8.1.3 New types of data that may come to the monitoring system in the future

As of July 2018, the Sendai Framework Monitoring system allowed Member States to set up nationally defined and customized targets and indicators, in addition to those already defined and built into the system for the Sendai Framework global targets. There are several important reasons a Member State may wish to do so. Measuring the level of implementation of the Sendai Framework global targets can capture only some aspects of progress in a country. But the Sendai Framework is a complex document that contains a broad set of suggested measures to reduce risk and losses. Countries will need to verify to what extent these recommendations and measures are applicable to their circumstances, and accordingly may want to measure their own level of implementation in a way that informs policy implementation. Furthermore, according to Target E, national DRR strategies should have national "targets, indicators and time frames", and custom indicators that are part of the Sendai Framework Monitoring system.

Member State efforts to define systems of custom targets and indicators are incipient, such that a detailed analysis is not possible. It is expected that, as part of the efforts to reach Target E, Member States will design a variety of custom targets and indicators in national DRR strategies, as suggested by Priority 2 of the Sendai Framework.

8.2 Disaster losses: Sendai Framework Targets A-D

8.2.1 Achievement of Targets A-D: are losses being reduced?

As the development of the reporting system for Member States required extensive expert inputs and consultations, the data collection and reporting period has been brief so far, and the number of countries providing data is too small to provide in-depth trend analysis. The following findings are therefore qualified, but make the best use of available data, including comparison with other data sources.

Two of the targets, mortality (A) and direct economic loss (C), were compared with global data sources. Analysis confirmed that progress found appears to be correct, as data series from all sources present the same trends - despite limitations in the scope and composition of the indicators available in global data sets. Most of the conclusions on the achievement of the first four targets are rather positive, especially when relative values are taken into consideration. As economies grow and the world population increases, more assets and people are exposed, which affects the interpretation of indicators such as the number of deaths or economic losses. Relative values allow inference of more accurate conclusions on the real impacts and magnitude of disasters over time for different people. For example, in absolute terms, richer households may lose more as they have more to lose. Although absolute figures are useful - they offer information on the trends and costs of disasters - they often fail to detail how disasters affect people's lives in the long run. Most important in disaster loss data analysis is the proportion of income or assets lost, as the severity of losses depends on who and how they experienced it.

8.2.2 Target A - mortality: a confirmed long-term decline in fatalities relative to population size

The first of the global targets refers to the reduction of mortality attributed to disasters. Mortality is decreasing in absolute and relative terms in the data gathered for the countries participating in the Sendai Framework Monitoring process, as well as in other global data sets.
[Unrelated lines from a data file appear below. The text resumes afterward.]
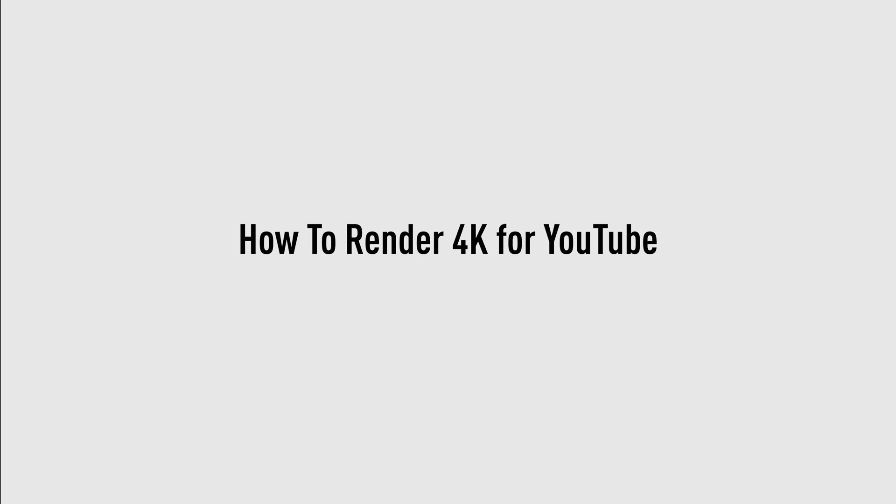Hey what is going guys, Vexe here. Today I'm going to be showing you how to render your videos for 4K on YouTube using Sony Vegas.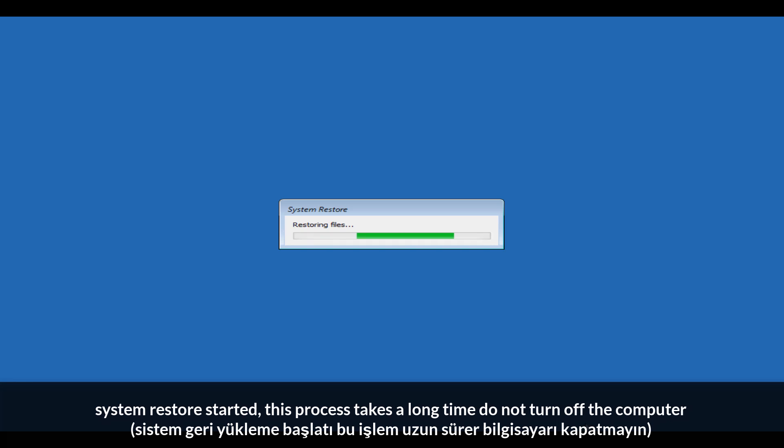This will take a long time. Don't shut down your computer during the process.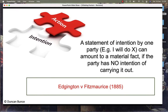A statement of intention by one party claiming that they will do something can amount to material fact, and therefore a misrepresentation, if it is clear that that party had no intention of carrying out their claim. This is seen in the case of Edgington and Fitzmaurice.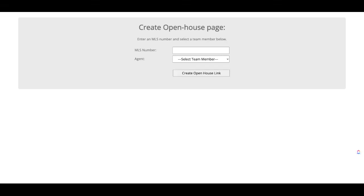I wanted to do a quick review of how to use the Ylopo open house tool. It's a really great tool that's built into all of your Ylopo accounts. All you have to do is go to your branded site URL — in this case, I'm on the Barrett Realtor site — and just add a forward slash and then open-house.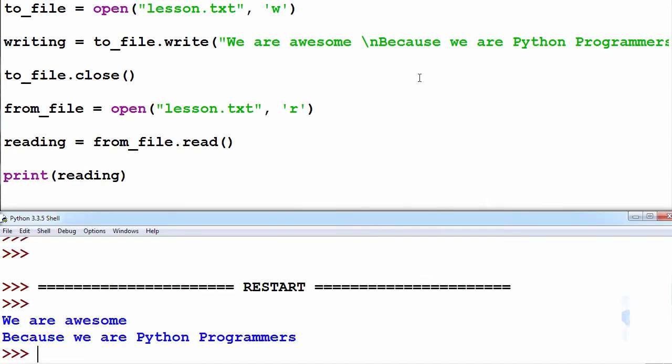Pressing F5 to save and run, we can see: 'We are awesome Because we are Python Programmers'.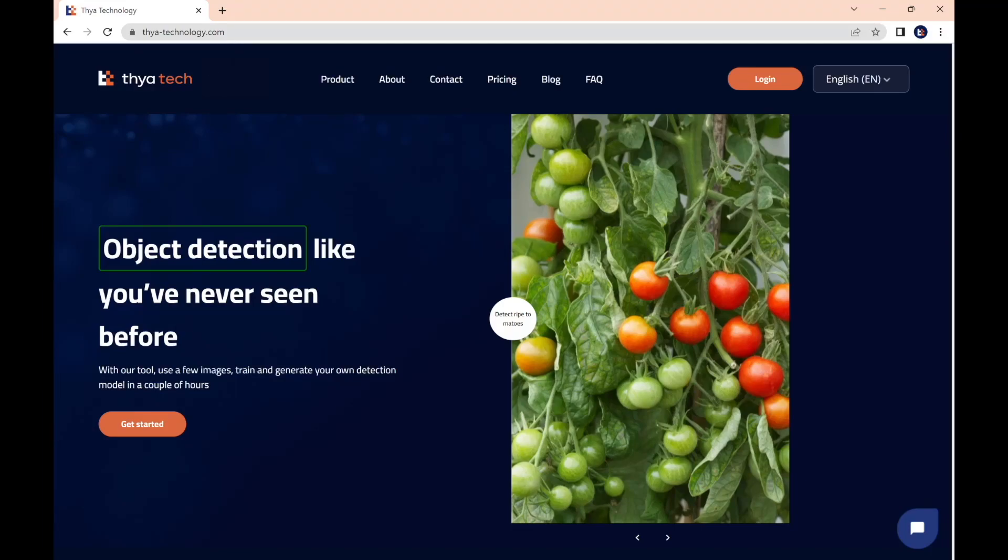Hello Thyatechies, welcome to Thyatech, your go-to tool for AI-powered visual analysis. What is amazing about Thyatechnology is you get to use the power of AI without writing a single line of code.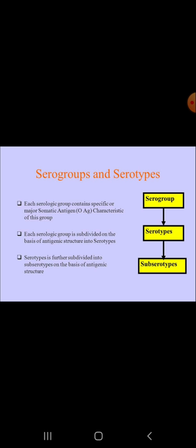What is a serogroup? This is our first topic: serogrouping and serotyping.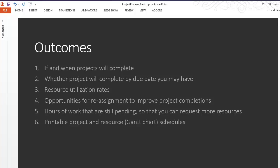For example, in a certain situation, your projects may not complete because you have some of the resources assigned to the tasks but some of them not being utilized fully. This template will also suggest some opportunities for reassignment in order to improve the chances of completing all your projects. The template will also calculate the number of hours of work that are still pending so that you can request more resources if that is possible.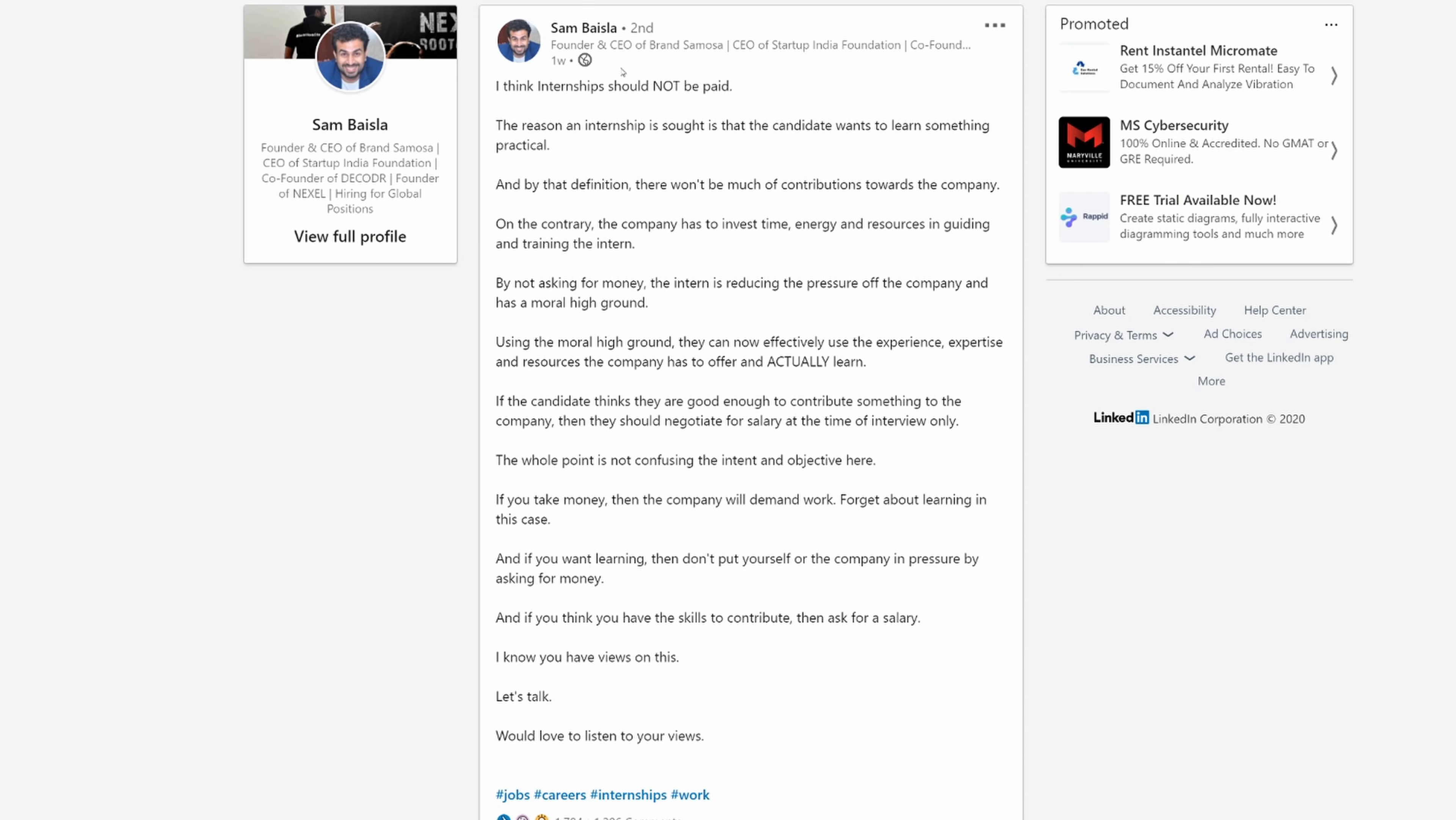This is some of the dumb shit I've read in a very long time. And it's from this dude named Sam Baisla. Apparently he's a founder and CEO of Brand Samosa, CEO of Startup India Foundation. It's already super crappy for interns there. You're already just looking to get paid like 2,000 rupees a month anyways.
Ultimately, Targets A and B, mortality and number of people affected by disasters, will require a comparison between the HFA years of 2005-2015 and the final decade of the Sendai Framework of 2020-2030. Only 35 countries have a complete set of data from 2005 to 2017. In 2016 and in 2017, 69 and 81 countries reported mortality data, respectively, but these countries are not the same as the group that has completed the HFA baseline. Therefore, the following preliminary analysis mostly focuses on the 83 countries that completed the HFA baseline and examines the period 2005-2015.

Numbers reported by countries in the Sendai Framework Monitoring system are higher than in EM-DAT by an average of 39%, and as much as 300% higher in some years, due to different methodologies applied to the data sets. The thresholds applied by EM-DAT on what constitutes a disaster (at least 10 people killed, 100 affected, declaration of a state of emergency and call for international assistance) mean that many small- and medium-scale disasters are not considered. This difference can be significant, especially for countries not exposed to large-scale hazardous events, or in years where large-scale disasters do not dominate the data.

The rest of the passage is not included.